A gay hookup app goes straight

Joel Simkhai, founder of Grindr, talks about "Project Amicus," his new friend-finding tool

By Drew Grant
Published July 1, 2011 8:01PM (EDT)

Joel Simkai, a slender, young-faced man, is eating granola and yogurt when I meet him for coffee. He is the founder of Grindr, a location-based app that allows gay men to "connect with guys in (their) area" and "browse men."  Since its launch, Grindr has grown to 2 million users and gained a reputation as something of a hookup widget for the gay community. (The app has a simple interface that shows photos of the closest 100 users at any one time, and allows you to chat and exchange photos with them.)

Now Joel and his team are about to launch their second program, code name Project Amicus, which has been referred to as a "Grindr app for straight people." "Users can expect a unique mobile app experience unlike anything currently on the market that caters to how women and men communicate together," boasts the press packet for new project. But does a straight version of Grindr even make sense? According to Joel, Amicus will do far more than help people have sex (which he argues is not what Grindr is for in the first place).

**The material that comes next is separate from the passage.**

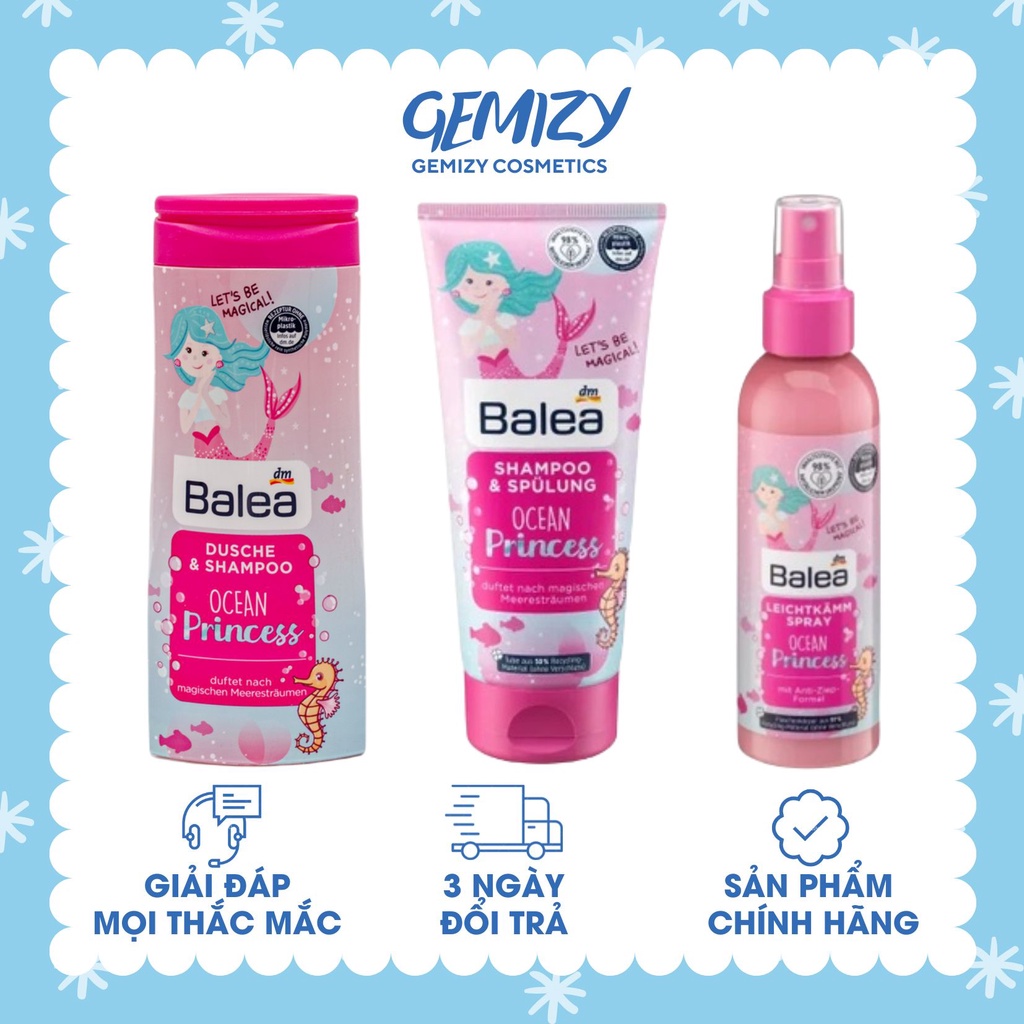 Dầu &amp; sữa tắm gội xả Balea Princess 2in1 Đức trẻ em, xịt dưỡng tóc cho bé - Gemizy Shop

I interviewed Joel about his two apps -- and what, exactly, the point of a "straight" Grindr would be.

How did Grindr get started?

Throughout my whole life I've always been walking into a room and wondering, "Who's that?" Or when you walk into a subway and make eyes with someone, and then nothing happens. There's all these missed connections throughout your daily life, and I just feel like, "I wish I could have said something."

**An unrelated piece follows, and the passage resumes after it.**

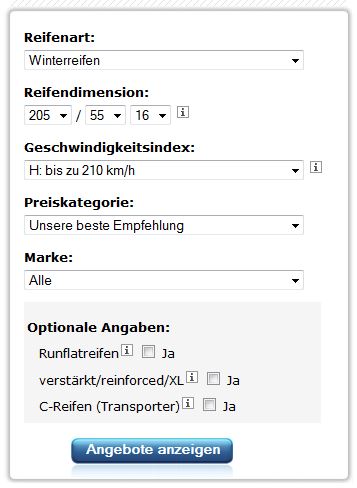 ReifenDirekt Winterreifen Auswahl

And as a gay man, you're always wondering who else is gay. I used to use online chat rooms and dating sites for many, many years. I would talk to people in Minnesota, or Ohio, or wherever. And then as it got more advanced, I'd talk to people in New York. But it's a big scene; there are a lot of people here. So location wasn't even the biggest factor in meeting other gay men. At the end of the day, I realized it would have to be new technology.

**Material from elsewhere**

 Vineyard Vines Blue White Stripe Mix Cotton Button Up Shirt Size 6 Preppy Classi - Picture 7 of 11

When the second-generation iPhone came out with the GPS unit and the ability to write and distribute the apps, all these things kind of came together. All the pieces fell into place and I said, "This is it."

Foursquare became famous for being able to track friends, and Dodgeball allowed you to see how you were connected socially (i.e., how many friends you had in common) to anyone else checked into a given space. How would you say Grindr is different from that?

Well, I'm not interested in helping you find your friends. I'm really interested in having you meet new people. It's like, "You and me, we're both here, let's get together and see if there is some kind of chemistry." There are so many invisible walls, and Grindr is really just a tool to break those down. I was just at New York Pride, and I met an Australian couple who said they had met over Grindr and they just got married.

Do you consider Grindr a dating app?

I'm less interested in what happens after you meet. Maybe you like them, maybe you just want to chat, and maybe you're like, "This is not for me, I want to get out of here."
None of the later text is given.